Le PP 'er-bet' a évolué en modificateur postnominal et (du moins dans une certaine variété) fonctionne actuellement comme un déterminant négatif. Ce type d'évolution est rarement attesté à travers les langues.

A travers les langues, les mots négatifs tendent à provenir d'éléments qui dénotent des unités minimales sur une échelle, ou bien une seule entité. C'est notamment le cas en français avec pas ou personne.

La grammaticalisation d'un déterminant négatif à partir d'un syntagme prépositionnel offre une configuration rare en synchronie.

ebet variété B

Dans une variété B de breton, (la plus récente), ebet est traduisible par 'aucun' en français. Trépos (2001:248) témoigne de cette évolution: il traduit ebet par 'du tout', 'au monde', mais signale qu'il "a pris le sens de aucun". Ce ebet contraste clairement avec celui du breton A (cf. Ça ne fait pas (*aucun) cinq ans).
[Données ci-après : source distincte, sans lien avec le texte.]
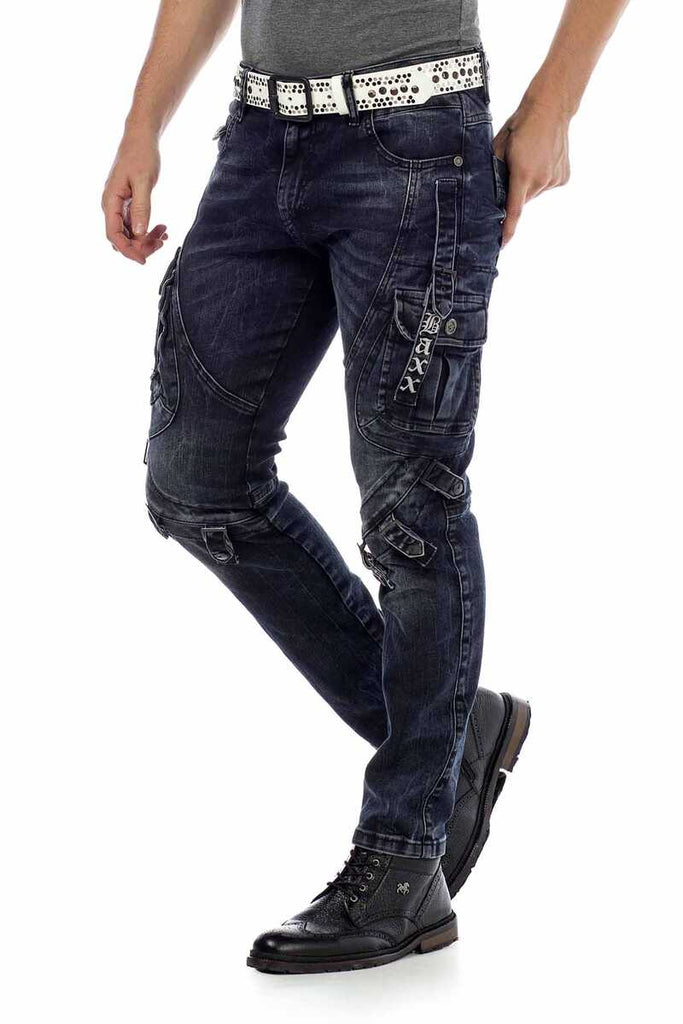 CD440 Herren Slim-Fit-Jeans mit Verschlussschnallen in Straight Fit - Cipo and Baxx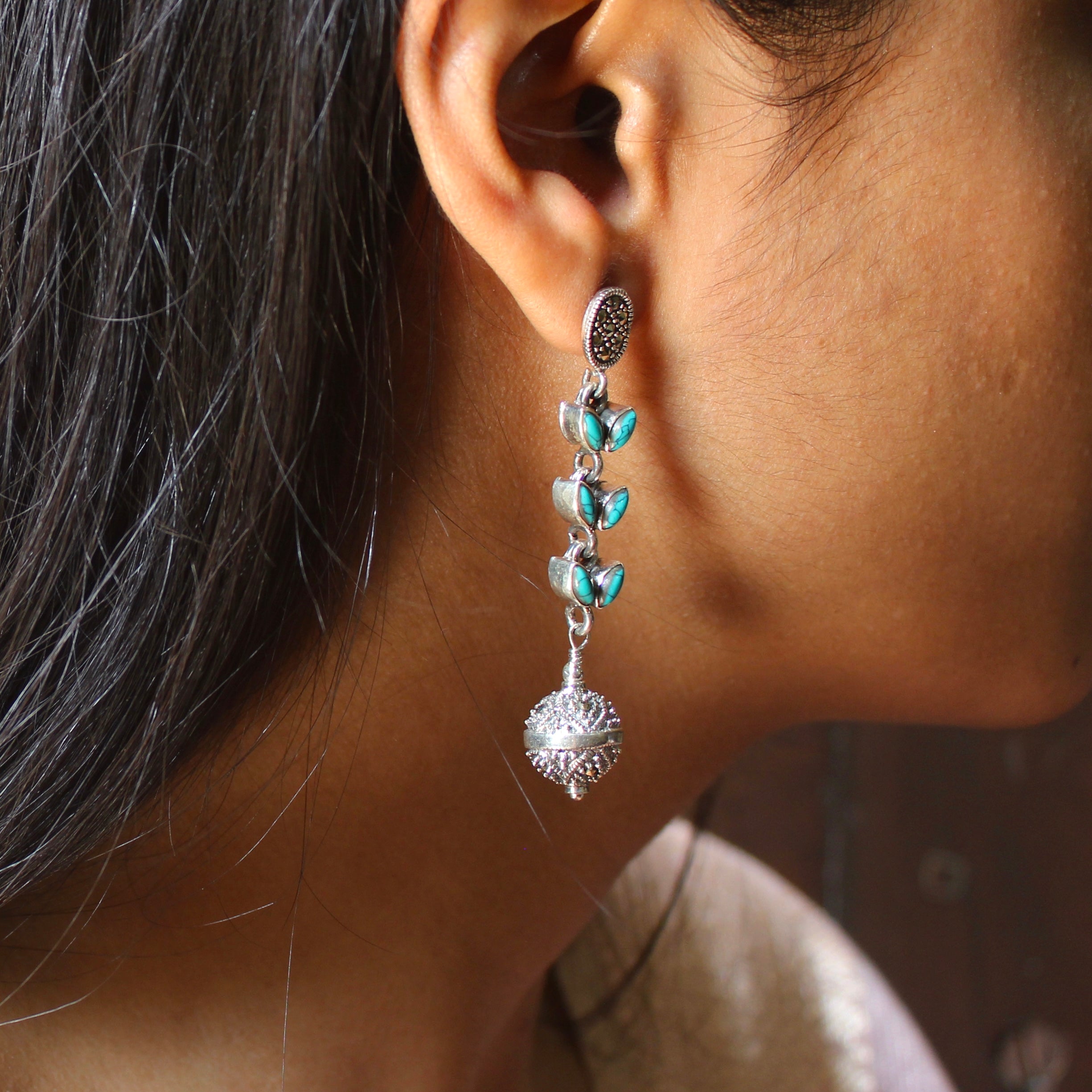 Teal Stones Leaf Hanging Pure Silver Jhumkas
Il n'est pas restreint à un effet d'emphase particulier.

Dans cette variété, ebet n'a pas le double sens er bed, 'dans le monde', et il peut d'ailleurs apparaître à côté de cet intensifieur qui lui est indépendant.


(1) N'eus kazetenn ebet er bed a n'he-dije ket kôzeet diwar he fenn...
ne'y.a journal aucun au.le monde que ne'aurait pas parlé de son2 tête
'Il n'y a aucun journal au monde qui n'en ait pas parlé.' Léon, Miossec (1980:66)


Il est possible que les variétés A et B soient en concurrence à l'intérieur du système d'une seule langue en évolution (rapide), mais il est aussi possible que les variétés A et B soient des marqueurs de dialectes/idiolectes différents (breton A et breton B). Dans ce dernier cas, on doit envisager la possibilité que des locuteurs donnés puissent être bilingues dans ces deux variétés de breton...

La variété B est très logiquement favorisée par les francophones pour qui le breton est une langue seconde, et qui importent directement les paradigmes de 'aucun' en français. On relève même des formes émergentes chez les apprenant.e.s, formes par ailleurs agrammaticales, où le syntagme ebet est traité comme un mot négatif, apportant seul la négation.


(2) * Den ebet zo deuet (> N’eus deuet den ebet) faute d'apprenant.e.s, Kerrain (2001)
homme aucun est venu
'Personne n'est venu.'


Terminologie

Selon Trépos (2001:§315), ebet est un 'adjectif indéfini'. Seite & Stéphan (1957:85) le désignent sous le terme de 'indéfini de négation'.